**EXERCISE DATA:**
===
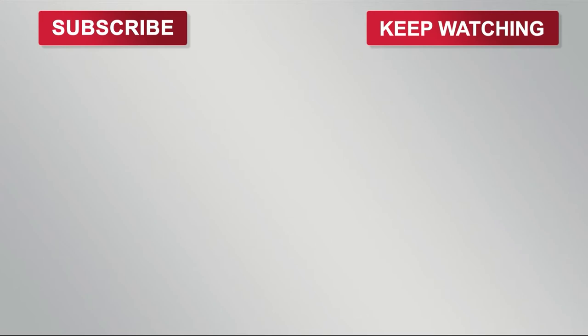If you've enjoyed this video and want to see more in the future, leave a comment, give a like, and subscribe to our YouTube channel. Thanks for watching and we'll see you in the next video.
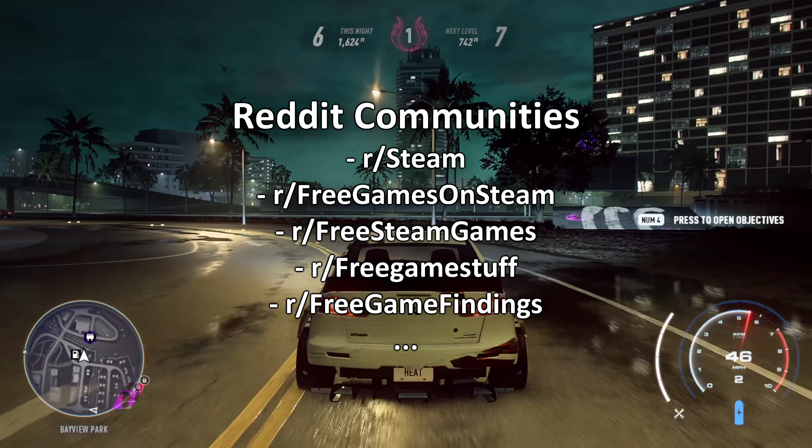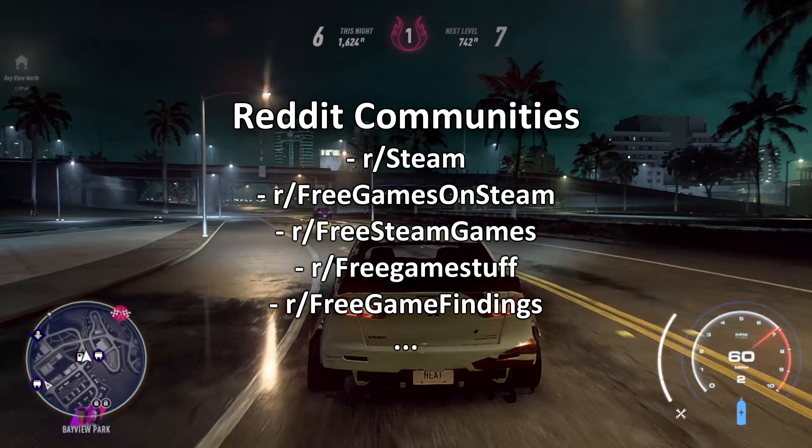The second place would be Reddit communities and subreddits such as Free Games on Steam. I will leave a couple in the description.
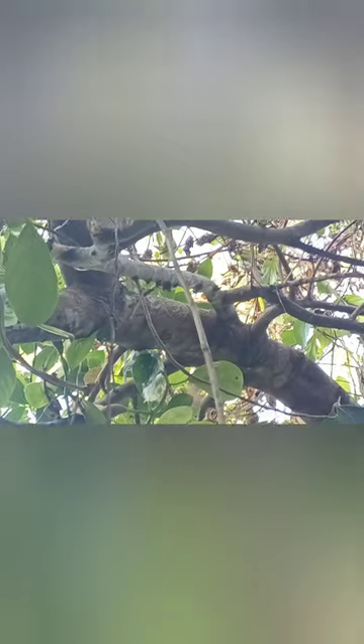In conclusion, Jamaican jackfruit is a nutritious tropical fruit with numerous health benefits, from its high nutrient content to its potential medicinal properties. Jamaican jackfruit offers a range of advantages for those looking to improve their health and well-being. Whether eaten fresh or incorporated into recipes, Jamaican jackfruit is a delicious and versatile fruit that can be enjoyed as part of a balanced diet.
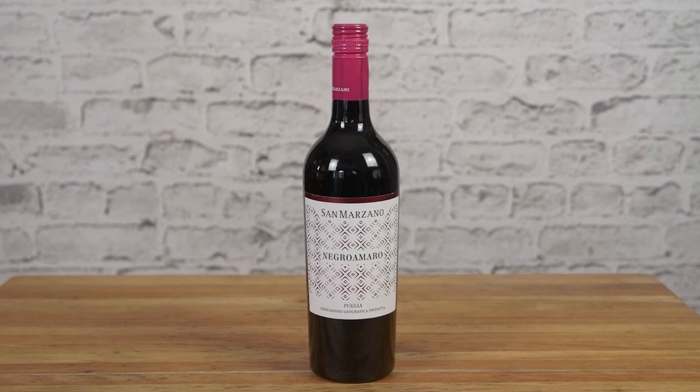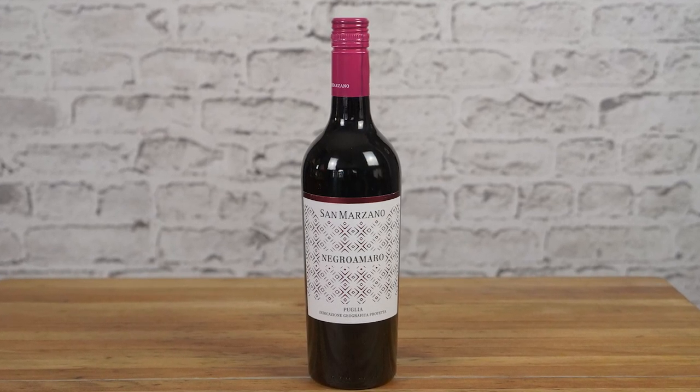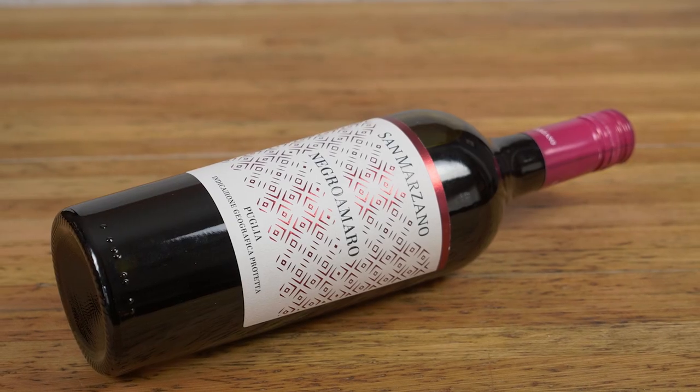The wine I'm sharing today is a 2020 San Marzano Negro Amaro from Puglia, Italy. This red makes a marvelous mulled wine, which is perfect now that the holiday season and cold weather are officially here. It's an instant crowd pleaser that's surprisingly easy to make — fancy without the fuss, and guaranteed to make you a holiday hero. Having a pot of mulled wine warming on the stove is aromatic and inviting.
===
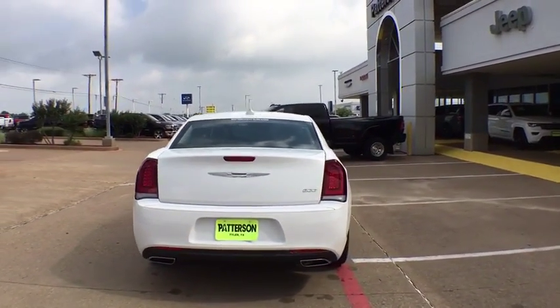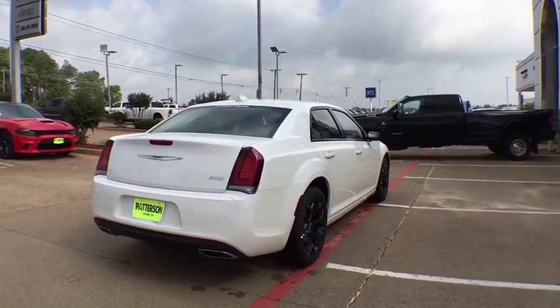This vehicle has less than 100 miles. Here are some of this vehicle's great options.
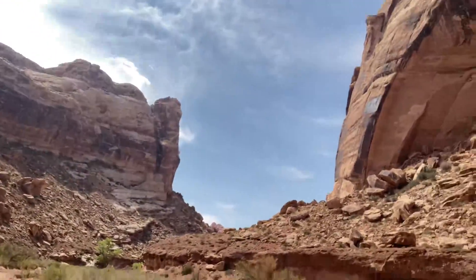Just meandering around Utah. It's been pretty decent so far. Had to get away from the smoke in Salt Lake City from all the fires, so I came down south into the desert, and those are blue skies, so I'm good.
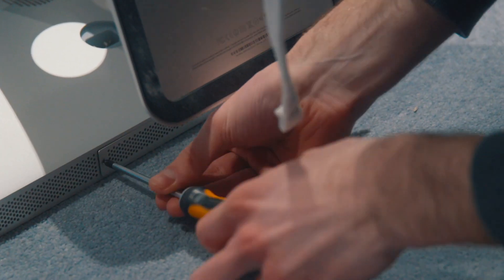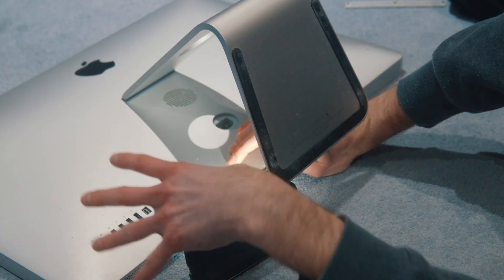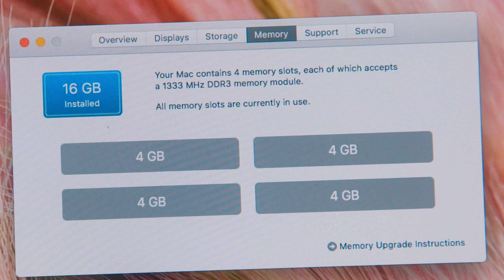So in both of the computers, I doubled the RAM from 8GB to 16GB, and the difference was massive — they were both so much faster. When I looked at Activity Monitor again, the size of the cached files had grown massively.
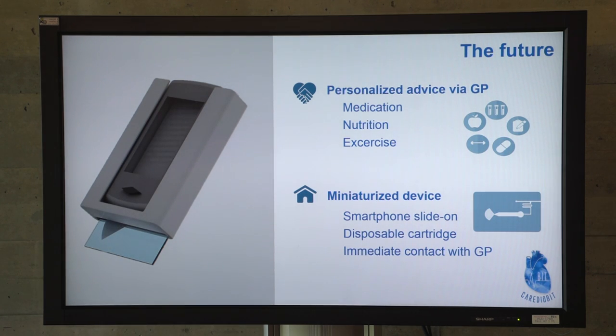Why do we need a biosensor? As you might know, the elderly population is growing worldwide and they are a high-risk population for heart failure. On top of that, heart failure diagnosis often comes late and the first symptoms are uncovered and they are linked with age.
===
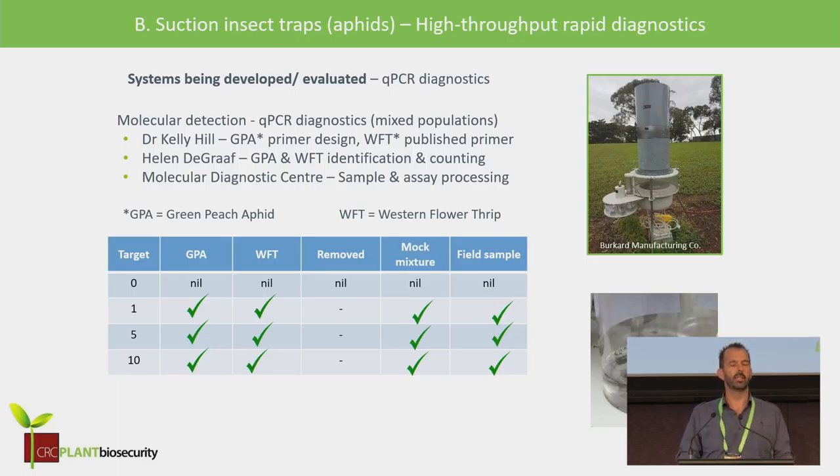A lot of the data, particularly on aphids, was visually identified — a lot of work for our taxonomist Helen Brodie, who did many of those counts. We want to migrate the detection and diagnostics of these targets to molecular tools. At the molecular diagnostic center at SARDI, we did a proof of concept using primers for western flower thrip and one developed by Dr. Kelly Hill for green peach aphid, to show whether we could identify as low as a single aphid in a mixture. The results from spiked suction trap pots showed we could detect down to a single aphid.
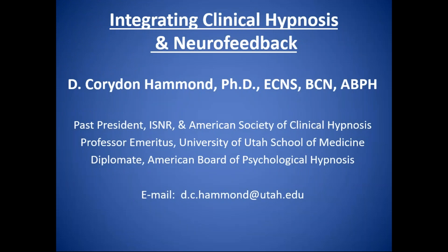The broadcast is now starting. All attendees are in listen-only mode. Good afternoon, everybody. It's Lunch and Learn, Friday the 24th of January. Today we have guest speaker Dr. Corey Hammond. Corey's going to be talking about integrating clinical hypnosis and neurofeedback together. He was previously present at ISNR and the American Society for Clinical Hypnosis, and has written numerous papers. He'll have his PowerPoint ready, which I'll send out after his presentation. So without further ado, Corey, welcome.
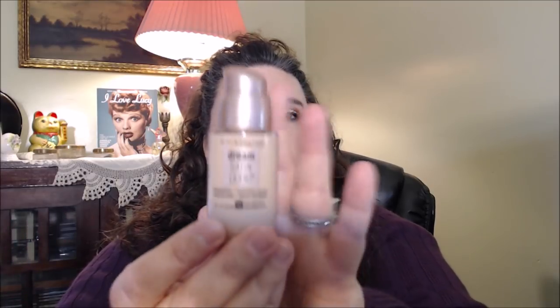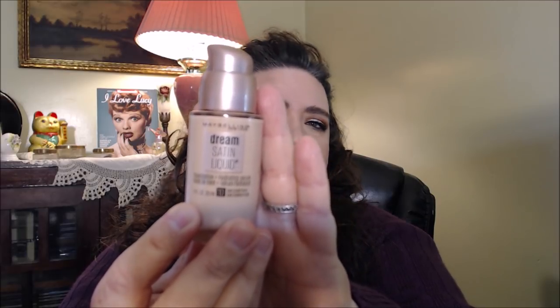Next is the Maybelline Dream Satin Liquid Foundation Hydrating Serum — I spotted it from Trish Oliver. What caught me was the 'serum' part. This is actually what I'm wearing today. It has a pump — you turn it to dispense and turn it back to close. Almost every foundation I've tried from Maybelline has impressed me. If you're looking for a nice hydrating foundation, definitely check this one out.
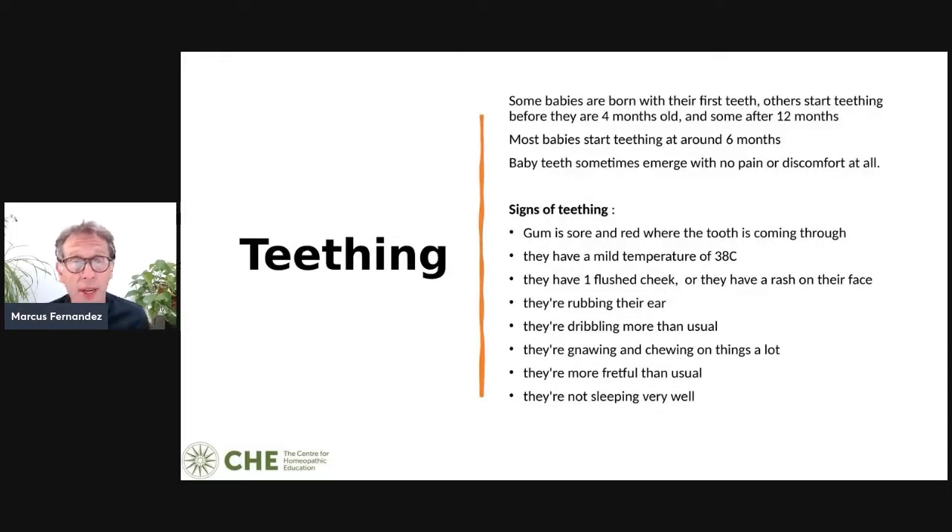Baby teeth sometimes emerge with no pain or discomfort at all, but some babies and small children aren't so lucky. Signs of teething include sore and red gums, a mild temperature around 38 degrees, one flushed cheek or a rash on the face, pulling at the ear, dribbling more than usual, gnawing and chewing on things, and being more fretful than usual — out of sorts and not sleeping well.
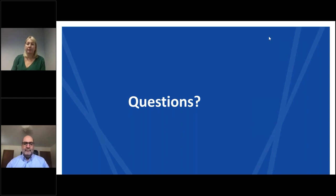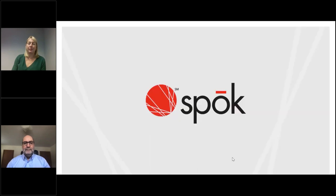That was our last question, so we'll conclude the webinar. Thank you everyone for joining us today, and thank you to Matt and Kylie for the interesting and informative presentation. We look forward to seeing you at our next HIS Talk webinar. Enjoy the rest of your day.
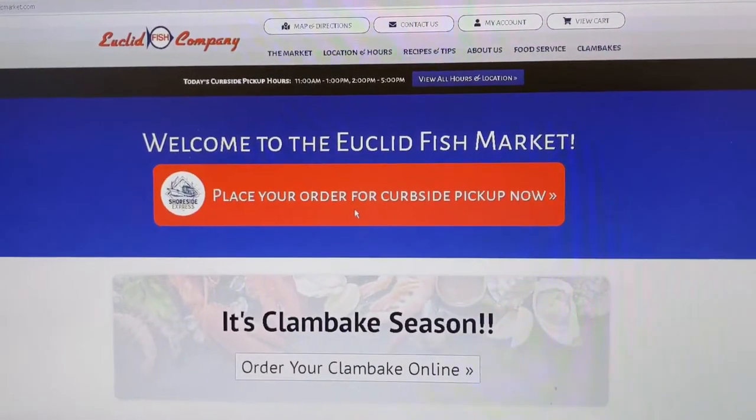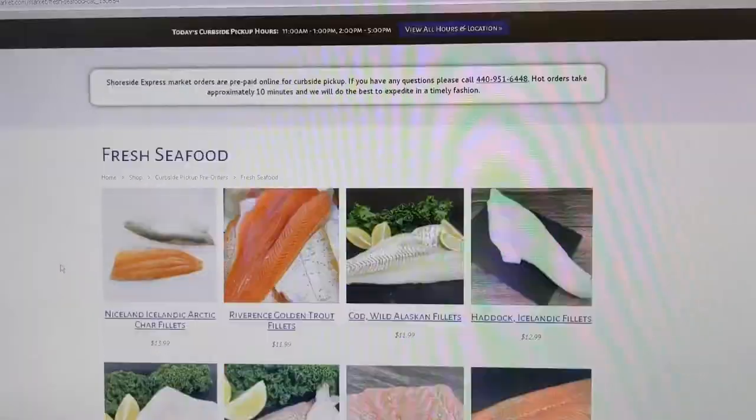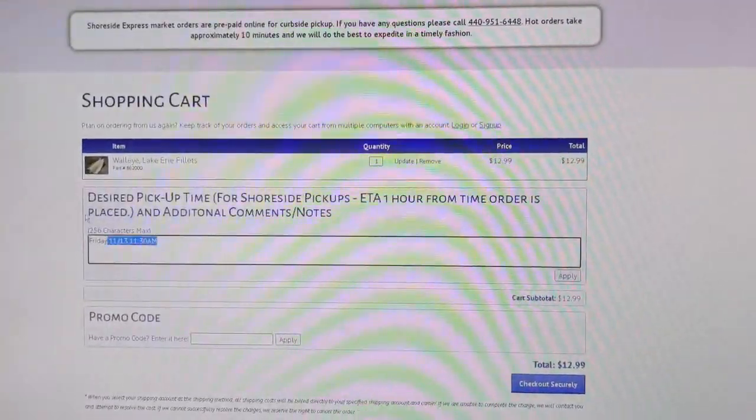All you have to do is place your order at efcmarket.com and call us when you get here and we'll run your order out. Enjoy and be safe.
===
Look above for the line with "If you've enjoyed" and the line with "The wine I'm", then copy exactly the lines from the first through the second, both kept, with no pictures.

If you've enjoyed this video and want to see more in the future, leave a comment, give a like, and subscribe to our YouTube channel. Thanks for watching and we'll see you in the next video.
The second place would be Reddit communities and subreddits such as Free Games on Steam. I will leave a couple in the description.
In conclusion, Jamaican jackfruit is a nutritious tropical fruit with numerous health benefits, from its high nutrient content to its potential medicinal properties. Jamaican jackfruit offers a range of advantages for those looking to improve their health and well-being. Whether eaten fresh or incorporated into recipes, Jamaican jackfruit is a delicious and versatile fruit that can be enjoyed as part of a balanced diet.
The wine I'm sharing today is a 2020 San Marzano Negro Amaro from Puglia, Italy. This red makes a marvelous mulled wine, which is perfect now that the holiday season and cold weather are officially here. It's an instant crowd pleaser that's surprisingly easy to make — fancy without the fuss, and guaranteed to make you a holiday hero. Having a pot of mulled wine warming on the stove is aromatic and inviting.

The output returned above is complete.